_WHAT YOU HAVE TO DO_. What is wanted is the full listing, word for word, without its pictures.

_SUPPLIED DATA_.
+--
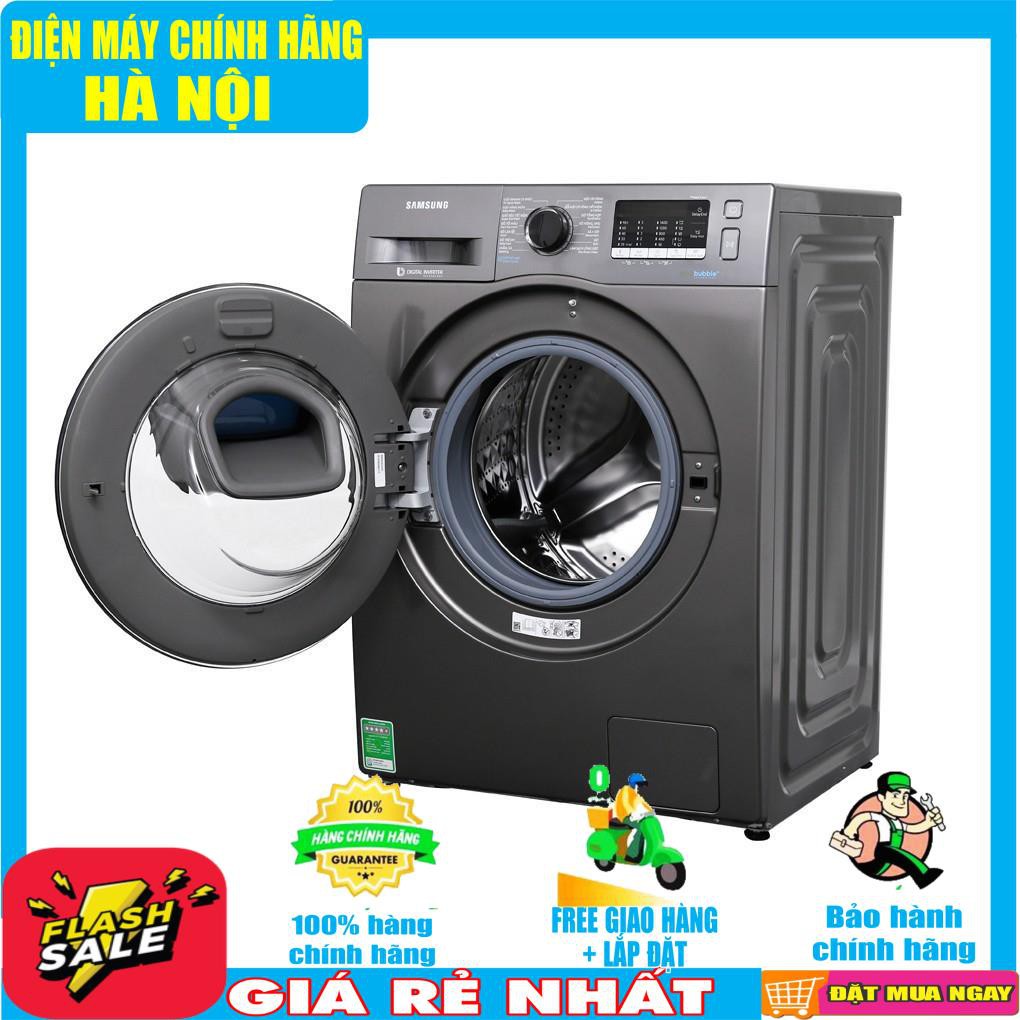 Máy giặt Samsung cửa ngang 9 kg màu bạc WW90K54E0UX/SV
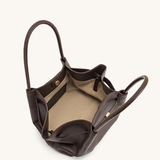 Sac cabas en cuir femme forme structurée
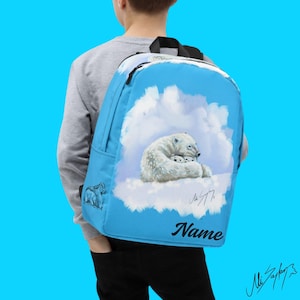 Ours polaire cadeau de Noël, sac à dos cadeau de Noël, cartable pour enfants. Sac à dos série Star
+--
_ANSWER BELOW_.
 Máy giặt Samsung cửa ngang 9 kg màu bạc WW90K54E0UX/SV
 Sac cabas en cuir femme forme structurée
 Ours polaire cadeau de Noël, sac à dos cadeau de Noël, cartable pour enfants. Sac à dos série Star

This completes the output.